Die Planungen seitens SL gingen von einem frühestmöglichen Einsatz der 420 in Stockholm aus. Der kaum realistische Zeitplan, bereits ab Sommer 2001 die ersten Fahrzeuge einsetzen zu können, wurde in der Folgezeit noch öfters gestreckt. Der Zeithorizont aus der Sicht von SL ging von einem etwa 4 bis 5 jährigen Einsatz der Baureihe 420 in Stockholm aus. Bis zum Jahre 2006 sollte der Fahrzeugbestand soweit mit Neubaufahrzeugen der Baureihe X60 entspannt werden können, so dass man wieder auf die Hilfe aus Deutschland verzichten könnte. Mit einer etwas optimistischeren Sichtweise hätte ein noch längerer Betrieb mit diesen Fahrzeugen ins Auge gefasst werden können. Die Baureihe X1, auf die sicherlich die nächsten Jahre noch nicht gänzlich verzichtet werden kann, hätte durch die X420 früher in den Ruhestand geschickt werden können. Jetzt werden die z.T. mehr als 40 Jahre alten Fahrzeuge noch ein paar Runden mehr drehen dürfen und das obwohl sie bereits seit Jahren zunehmende Ausfallerscheinungen zeigen.
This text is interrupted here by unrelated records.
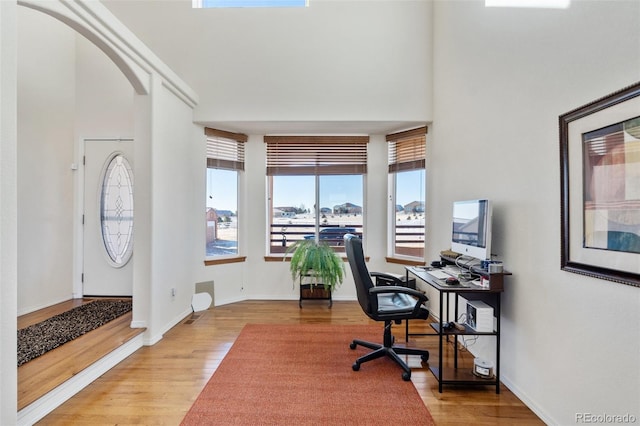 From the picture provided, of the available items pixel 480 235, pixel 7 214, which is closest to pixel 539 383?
pixel 480 235

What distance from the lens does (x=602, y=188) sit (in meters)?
1.41

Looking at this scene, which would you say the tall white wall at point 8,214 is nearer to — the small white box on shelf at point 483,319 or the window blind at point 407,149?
the small white box on shelf at point 483,319

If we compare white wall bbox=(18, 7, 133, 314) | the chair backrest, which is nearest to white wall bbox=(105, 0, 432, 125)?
white wall bbox=(18, 7, 133, 314)

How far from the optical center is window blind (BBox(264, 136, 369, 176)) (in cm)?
419

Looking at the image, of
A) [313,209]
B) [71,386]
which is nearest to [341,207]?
[313,209]

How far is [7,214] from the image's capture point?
1.42 m

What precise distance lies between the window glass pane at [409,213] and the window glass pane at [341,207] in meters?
0.55

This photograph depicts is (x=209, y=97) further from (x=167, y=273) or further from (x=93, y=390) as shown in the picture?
(x=93, y=390)

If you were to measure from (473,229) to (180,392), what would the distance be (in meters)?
2.55

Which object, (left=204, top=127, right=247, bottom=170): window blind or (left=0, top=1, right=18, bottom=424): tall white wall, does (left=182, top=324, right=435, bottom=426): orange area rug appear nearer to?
(left=0, top=1, right=18, bottom=424): tall white wall

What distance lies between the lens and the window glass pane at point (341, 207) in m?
4.25

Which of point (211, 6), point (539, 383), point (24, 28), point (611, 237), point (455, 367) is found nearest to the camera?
point (611, 237)

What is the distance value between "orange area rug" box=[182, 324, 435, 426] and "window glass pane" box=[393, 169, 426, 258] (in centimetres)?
157

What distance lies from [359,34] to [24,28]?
376 cm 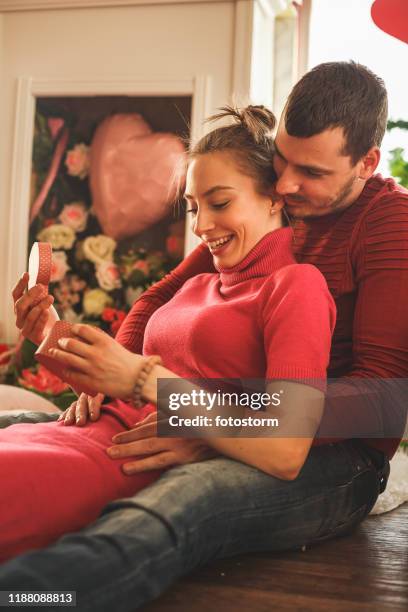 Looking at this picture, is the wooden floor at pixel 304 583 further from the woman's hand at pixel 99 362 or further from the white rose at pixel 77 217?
the white rose at pixel 77 217

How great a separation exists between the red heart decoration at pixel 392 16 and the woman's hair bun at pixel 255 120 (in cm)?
40

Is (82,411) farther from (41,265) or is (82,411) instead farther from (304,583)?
(304,583)

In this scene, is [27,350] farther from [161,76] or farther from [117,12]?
[117,12]

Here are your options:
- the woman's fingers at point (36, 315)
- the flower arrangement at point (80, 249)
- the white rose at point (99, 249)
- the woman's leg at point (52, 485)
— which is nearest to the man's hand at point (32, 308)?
the woman's fingers at point (36, 315)

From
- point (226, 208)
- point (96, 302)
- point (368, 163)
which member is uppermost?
point (368, 163)

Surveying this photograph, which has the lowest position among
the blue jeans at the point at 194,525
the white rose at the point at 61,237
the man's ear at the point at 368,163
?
the blue jeans at the point at 194,525

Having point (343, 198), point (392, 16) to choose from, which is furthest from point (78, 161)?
point (343, 198)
Unumstößlich erwies sich jedoch der Zeitplan von SL. Im Jahre 2001 ging man für die X420 von einer Einsatzzeit von etwa 4 Jahren aus und dabei blieb es.
Erst im Januar 2003 begann der Einsatz der Baureihe 420 in Stockholm. Zu diesem Zeitpunkt waren die meisten Beobachter davon ausgegangen, das SL an dem ursprünglichen Zeitplan nicht mehr festhalten würde.
Die Realität des Dezember 2005 spricht jedoch jetzt eine andere Sprache.
Nach der Kündigung des Vertrags mit Citypendeln im Dezember 2004, folgte noch im gleichen Monat die Kündigung für DB Regio Sverige. Es blieb noch ein Jahr Zeit sich darüber Gedanken zu machen, wie nun eine sinnvolle Weiterverwendung der Fahrzeuge aussehen könnte. Jedoch war das Interesse seitens SL äußerst gering. Dabei hatte SL nicht unerhebliche Summen investiert um die Münchner Fahrzeuge in Stockholm heimisch werden zu lassen. Darüber hinaus leisteten die 420 in den vergangenen zwei Jahren wertvolle Dienste für den Stockholmer Nahverkehr.
Zuletzt liefen sie am zuverlässigsten und hatten damit den betriebswirtschaftlich günstigsten Status erreicht.
Doch jede Form von Investitionen verbaten sich in den letzten Monaten. Die nötigen Ausgaben für die anstehenden Fristuntersuchen wurden schon nicht mehr getätigt. So schied schon in den letzen Wochen ein 420 nach dem anderen aus dem Dienst, wenn die Laufgrenzwerte erreicht wurden.
Innerhalb von zwei Monaten werden alle 420 nicht nur aus dem Betriebsdienst der Stockholmer S-Bahn entfernt, sie werden auch umgehend zur Verschrottung gebracht.
So wird bereits mit Ende dieses Jahres die Baureihe 420 in Schweden Geschichte sein.
In der bald 150 jährigen Geschichte der schwedischen Eisenbahn wird es, in Anbetracht der kurzen Einsatzzeit, für die 420 bestenfalls zu einer Fußnote reichen.
Dieser Umstand ist ausgesprochen Schade. Und dieser Meinung ist nicht nur der überzeugte (X)420-Fan, sondern jeder der sich mit dem Thema schon einmal näher beschäftigt hat.